**STORED DATA**:
--------------------------------------------------
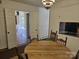 Cozy dining area featuring a round wooden table, traditional light fixture and ample natural light at 9225 Robinson Church Rd, Charlotte, NC 28215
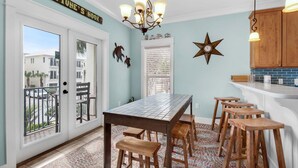 A kitchen with a tiled backsplash, wooden stools, a chandelier, and a sign reading "NEPTUNE'S NOOK". - Neptune's Nook (Miramar Beach)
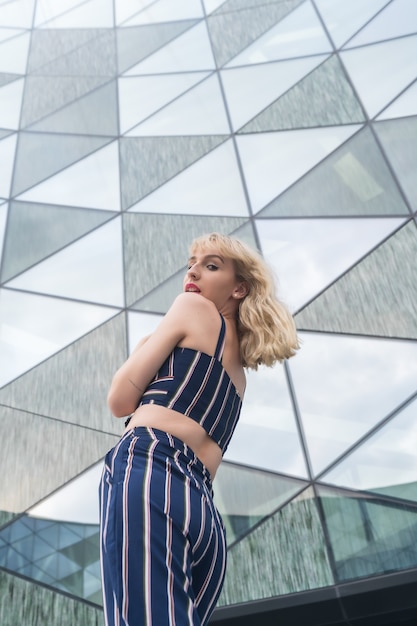 Posando na moda de uma jovem loira em um prédio de vidro, loira em um terno listrado azul, braços para cima, foto vertical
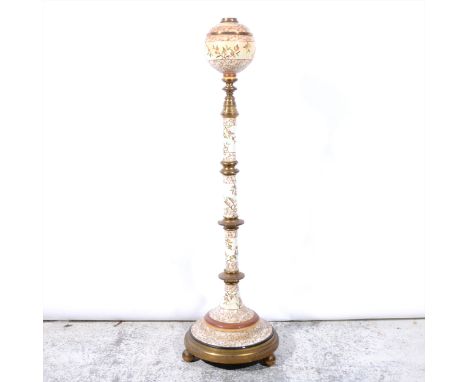 A Victorian earthenware and lacquered brass standard lamp base, with near spherical reservoir, ringed column, circular base,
--------------------------------------------------
For this exercise, retype the listing above word for word and omit the pictures.

 Cozy dining area featuring a round wooden table, traditional light fixture and ample natural light at 9225 Robinson Church Rd, Charlotte, NC 28215
 A kitchen with a tiled backsplash, wooden stools, a chandelier, and a sign reading "NEPTUNE'S NOOK". - Neptune's Nook (Miramar Beach)
 Posando na moda de uma jovem loira em um prédio de vidro, loira em um terno listrado azul, braços para cima, foto vertical
 A Victorian earthenware and lacquered brass standard lamp base, with near spherical reservoir, ringed column, circular base,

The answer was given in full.